Wellness Programs : Employee Privacy.

As scary as they seem at first glance, complying with HIPAA’s privacy rules can be relatively painless.

Contrary to common belief, the rules – with a few key exceptions – apply only to a fraction of the health information Benefits handles.

As long as the corporation remains legally “hands off” of employee’s private health information, you can dodge most of the HIPAA bullet.

For HIPAA privacy purposes, your firm is considered “hands off” even when you obtain de-identified personal information, aggregate claims data and routine enrollment info.

Bottom line – When your organization’s medical programs are fully insured and the claims administered through a TPA, the insurance corporation – not your firm – bears the brunt of the health insurance portability and accountability act (HIPAA) privacy compliance responsibility.

One major exception –  medical cafeteria plans. In most cases, you’ve two compliance choices –

• Process reimbursement requests first through your TPA, with the TPA making sure the claim qualifies underneath the terms of the cafeteria plan before your firm reimburses it, or

• Develop a written cafeteria plan privacy policy, issue a notice to employees, appoint a privacy officer and amend your plan documents.

Rarely affects FMLA

Many people  - including health care providers – misunderstand how health insurance portability and accountability act (HIPAA) affects medical certifications for FMLA leave.  The key – health insurance portability and accountability act (HIPAA) only applies to personal information that filters through your health plan, not certifications obtained from a physician.
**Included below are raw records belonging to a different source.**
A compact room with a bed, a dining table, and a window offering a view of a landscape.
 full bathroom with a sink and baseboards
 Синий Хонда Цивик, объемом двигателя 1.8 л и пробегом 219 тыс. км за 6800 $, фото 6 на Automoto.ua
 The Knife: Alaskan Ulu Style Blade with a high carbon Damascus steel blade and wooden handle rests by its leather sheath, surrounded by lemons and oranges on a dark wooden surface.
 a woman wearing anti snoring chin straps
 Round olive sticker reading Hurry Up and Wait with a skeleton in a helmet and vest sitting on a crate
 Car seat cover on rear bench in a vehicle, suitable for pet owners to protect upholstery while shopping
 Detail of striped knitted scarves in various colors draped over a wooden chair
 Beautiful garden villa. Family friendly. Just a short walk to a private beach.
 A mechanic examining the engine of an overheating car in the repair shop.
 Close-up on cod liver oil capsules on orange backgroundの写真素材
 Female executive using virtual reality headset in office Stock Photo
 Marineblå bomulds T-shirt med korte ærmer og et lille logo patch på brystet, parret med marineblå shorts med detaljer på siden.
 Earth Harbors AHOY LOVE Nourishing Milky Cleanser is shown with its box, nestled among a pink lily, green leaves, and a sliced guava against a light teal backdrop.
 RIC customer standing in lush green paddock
Under FMLA, you’re permitted to obtain the minimum information you need to approve and administer leave. In like manner, HIPAA doesn’t apply to most workers’ comp, return-to-work notices or disability claims.

Even so, it compensates to be cautious how you ask for and use the information. Other state and federal privacy laws often protect the same kinds of info people  assume falls under health insurance portability and accountability act (HIPAA).

Following procedures

The health insurance portability and accountability act (HIPAA) privacy rules are heavy on paperwork and procedure.

But since your firm follows  the info-gathering process spelled out in your health plan documents, the HIPAA privacy rules should present few major obstacles.

This entry was posted on Wednesday, August 25th, 2010 at 9:27 am and is filed under Employee Wellness, Wellness Programs. You can follow any responses to this entry through the RSS 2.0 feed. You can leave a response, or trackback from your own site.